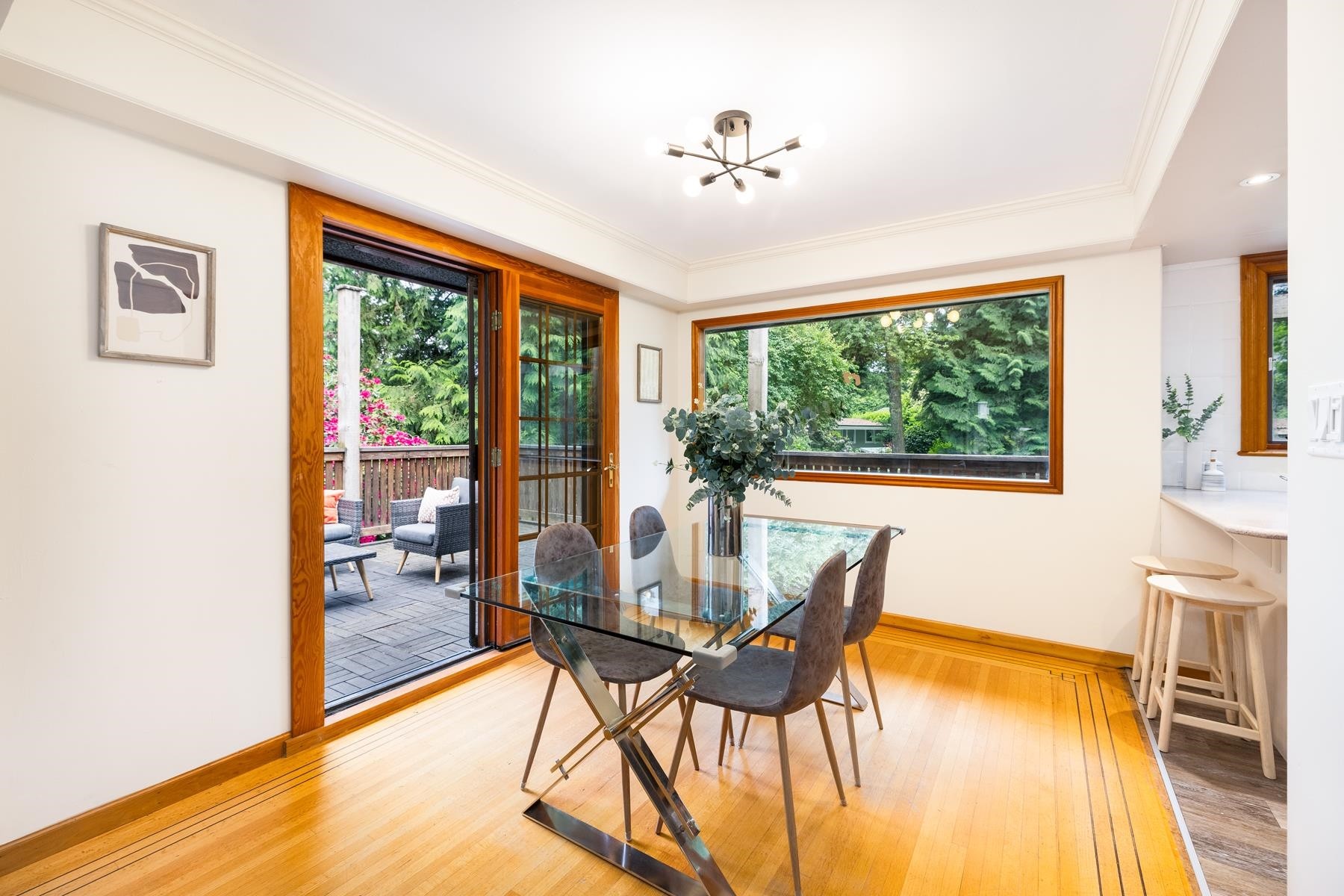 1561 Merlynn Crescent, North Vancouver, BC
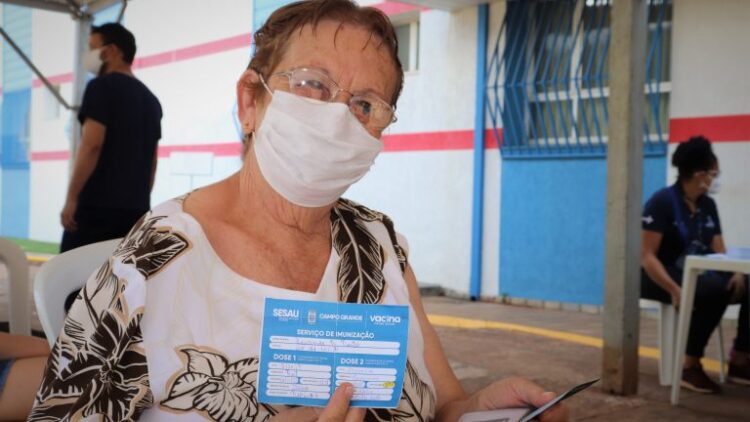 Com todas as doses disponíveis nesta terça-feira, veja onde se vacinar contra Covid-19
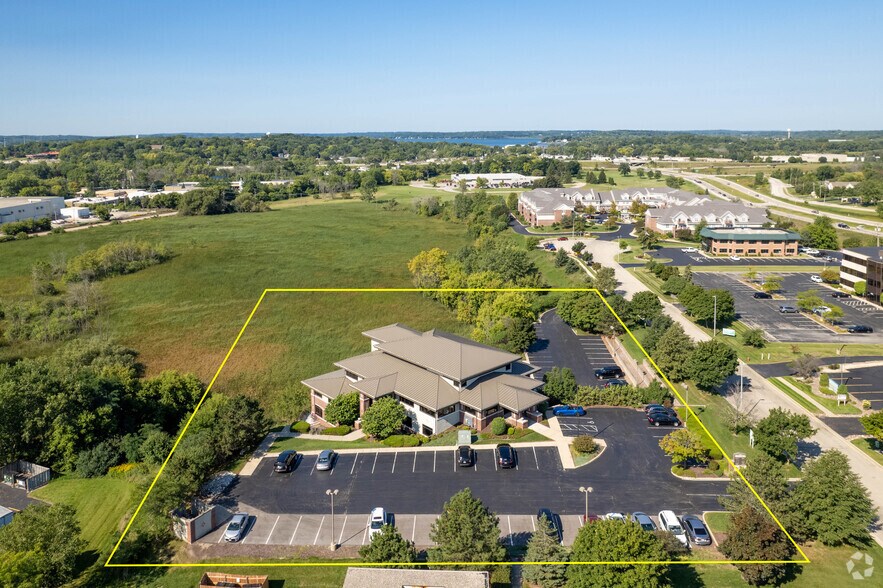 More Photos Of 1166 Quail Ct, Pewaukee Office For Lease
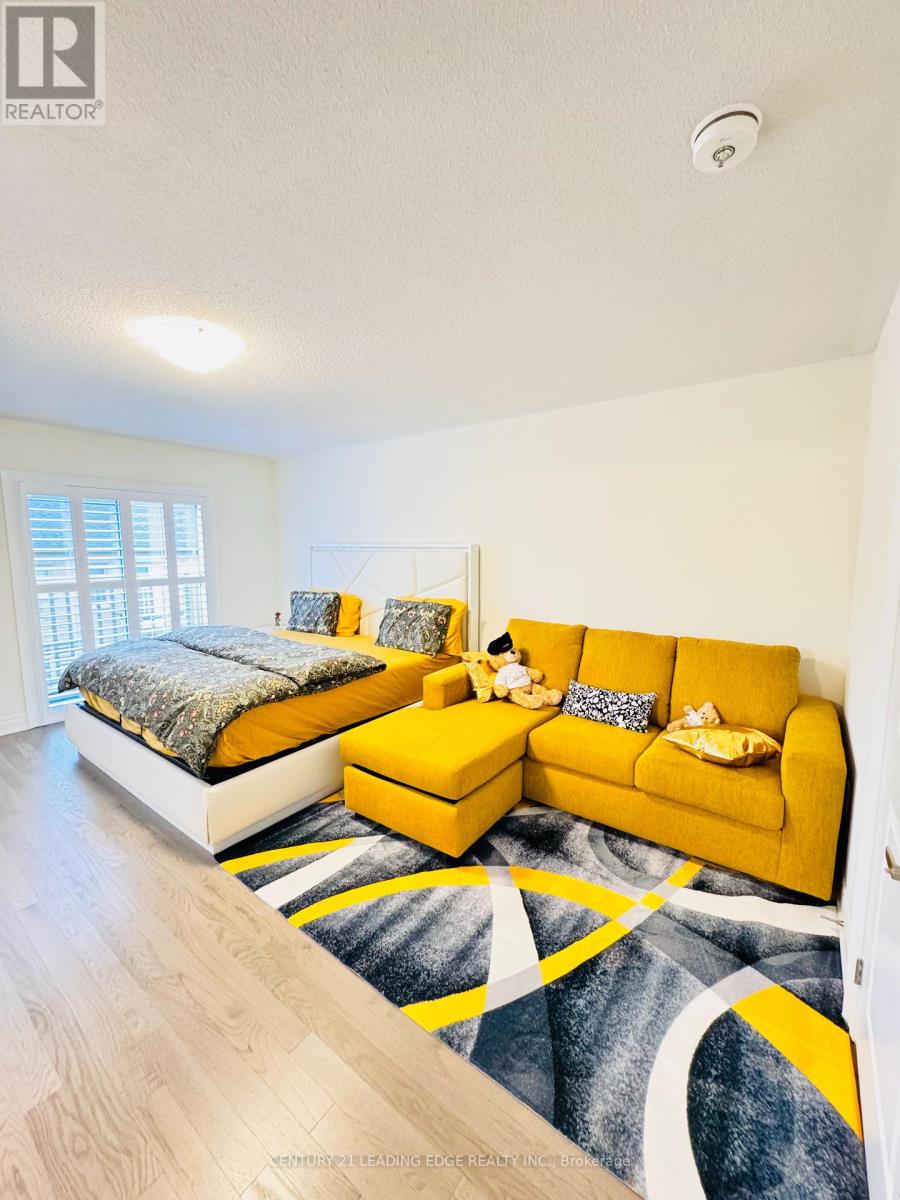 18 Thomas Hope Lane, Markham, Ontario  L3S 0E9 - Photo 8 - N12402674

- [Work to complete]:
The preceding listing must be repeated exactly, with all images dropped.

- [Worked solution]:
 1561 Merlynn Crescent, North Vancouver, BC
 Com todas as doses disponíveis nesta terça-feira, veja onde se vacinar contra Covid-19
 More Photos Of 1166 Quail Ct, Pewaukee Office For Lease
 18 Thomas Hope Lane, Markham, Ontario  L3S 0E9 - Photo 8 - N12402674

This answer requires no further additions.